On a hillside abloom with purple needlegrass, silver lupine and fiery orange poppies, industrious ground squirrels have dug out batteries of tunnels, which they share with burrowing owls, lined up like a row of wise sentinels with eyes sharpened on the lookout for a hapless vole.
Somewhere a mountain lion stalks and lies in wait. Condors, antelopes and grizzly bears might appear. In the sheltered sanctuary of a guano-splattered rock overhang, a group of Central Valley Yokuts, or perhaps Delta Miwok, or more local Ohlone native people, gather in ceremony.
They will spend several weeks, or months, throughout the changing seasons, painting ancestral symbols, dancing the ritual stories of creation, praying to gods and spirits, and congregating as one to witness the sacred transition of seasons at the longest day of the year.
Life scenarios such as described above have unfolded for thousands of years at this special place in far eastern Contra Costa County, near Byron, northeast of Livermore, and about 40 miles east of Berkeley, in a land that, were it not for a carefully managed resource plan that allows for occasional visits by human beings, has all but been forgotten by time and civilization.
Here, you can stand alone on a rocky promontory, lost to the world, eyes closed, and gaze into the infinite beyond, feeling infused with the ancient vibe of timelessness, at one with the eternal ebb and flow of creation, in synch and harmony with the undisturbed, natural rhythms of life.
This is a place that literally blows you away!
On a naturalist-led guided tour on the final day of Spring, a group of twenty-two irrepressibly enthusiastic nature lovers brave unrelenting gusts of 30 mile per hour winds for a unique opportunity.
To walk in beauty with one another among spectacular sandstone boulders, admire grassy hillsides dotted with venerable Valley oaks and California Buckeye trees, and take in otherwise off-limits high desert-like vistas overlooking four of California's nine distinct landforms.
All providing a stunning visual reference point for one of the East Bay's, and perhaps one of California's, most unusual ecosystems and precious natural resources – the 775-acre Vasco Caves Regional Preserve.

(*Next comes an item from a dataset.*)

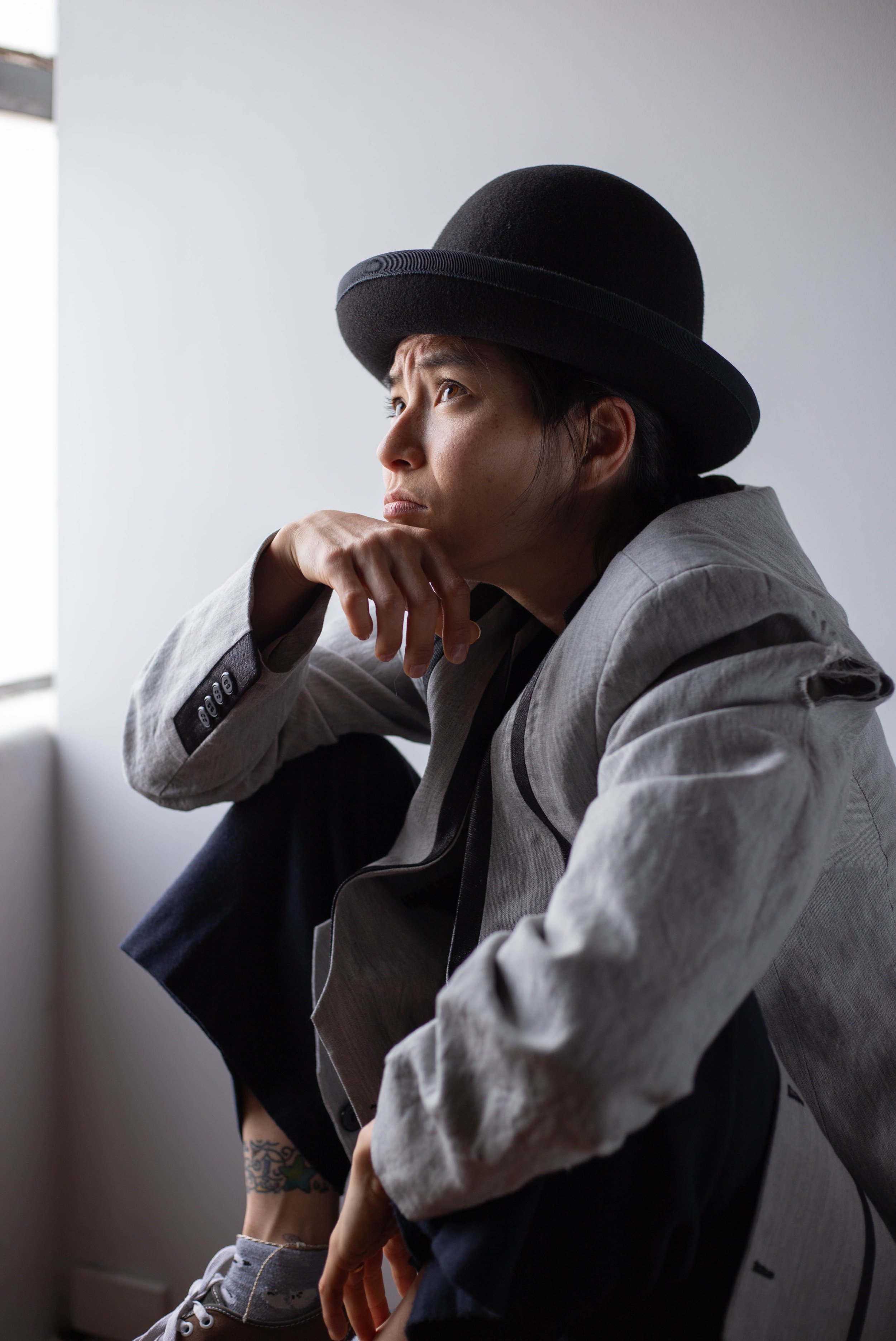A woman with short dark hair wearing a large black hat and a gray blazer, sitting indoors with her chin resting on her hand, looking contemplative. She is wearing gray sneakers and has tattoos on her ankle.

Open to public tours just since 2005, access was preceded by years of wrangling with local landowners and finally a deal was struck with the Contra Costa Water District to help buy and protect the preserve.
Indeed, because of the delicate balance of so many rare and threatened entities, Vasco Caves is a precious resource area deserving of the utmost protection, with access restricted to anyone not formally signed up with a guide through the East Bay Regional Park District.
It's an ethic of deep respect meant to keep out the riffraff and partiers, a conscious effort to preserve and protect the caves from destruction. Drawing graffiti and incising initials, images and symbols in the soft sandstone is vandalism, pure and simple . . . just look at how people over the years have desecrated the awesome boulders at Mount Diablo's Rock City.
The ecological island, surrounded as it is by development, watershed lands, ranch lands, and vast tracts of wind turbines, exists in its own time and place, left alone all these years except for the scientifically and well-thought-out land management practices to help restore certain pristine features.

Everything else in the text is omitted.